YOUR OBJECTIVE: For this exercise, retype the lines from the one that holds "La sua caratteristica" through the one that holds "5th image of 5710 Honey Glen Ct" in the records below, both included, exactly and without pictures.

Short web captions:
##############################
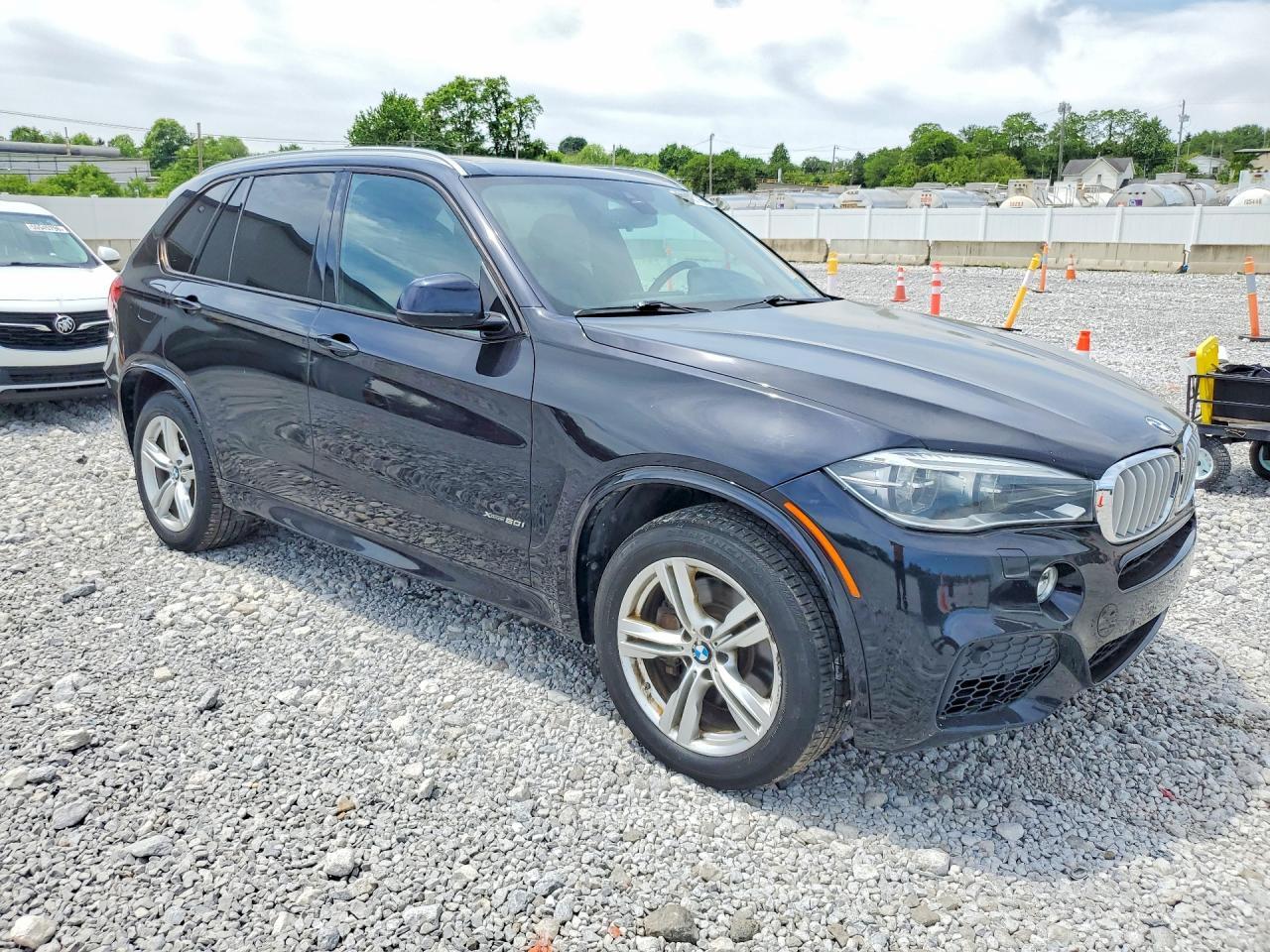 2016 BMW X5 xDrive50I - zdjęcie 4
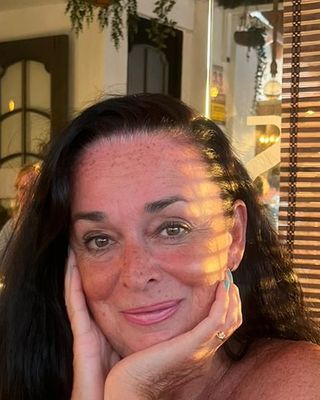 Photo of Sarah Louise Grindrod, Counsellor, MBACP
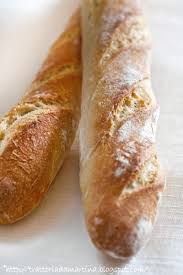 La sua caratteristica forma allungata e affusolata, da portare sottobraccio, la rende leggendaria. La Vera Baguette Francese Reloaded Trattoria Da Martina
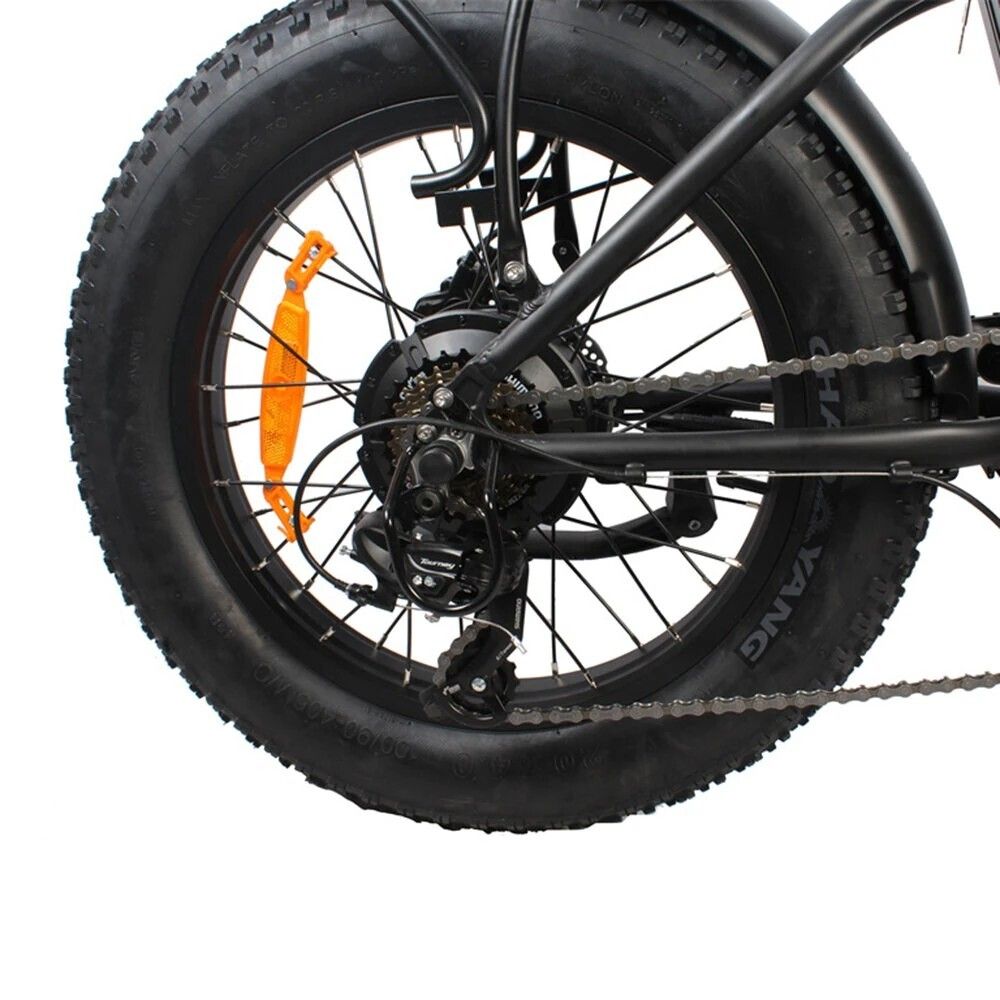 Ruota posteriore di una bicicletta elettrica nera. Pneumatico largo, trasmissione, marchio YANG.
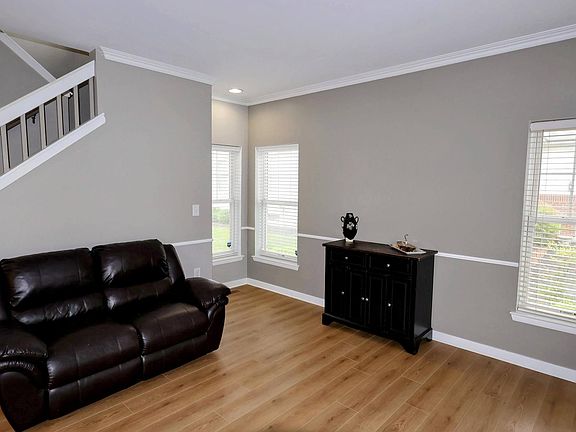 5th image of 5710 Honey Glen Ct
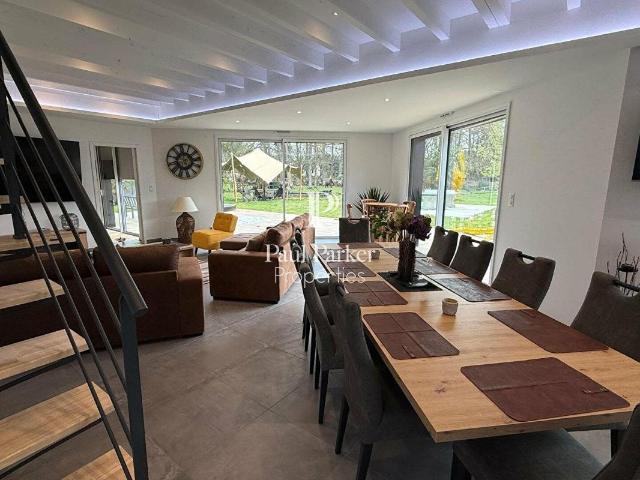 Maison Recente 5mn Arnage Centre 216m² Spay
##############################
RESPONSE BELOW:
 La sua caratteristica forma allungata e affusolata, da portare sottobraccio, la rende leggendaria. La Vera Baguette Francese Reloaded Trattoria Da Martina
 Ruota posteriore di una bicicletta elettrica nera. Pneumatico largo, trasmissione, marchio YANG.
 5th image of 5710 Honey Glen Ct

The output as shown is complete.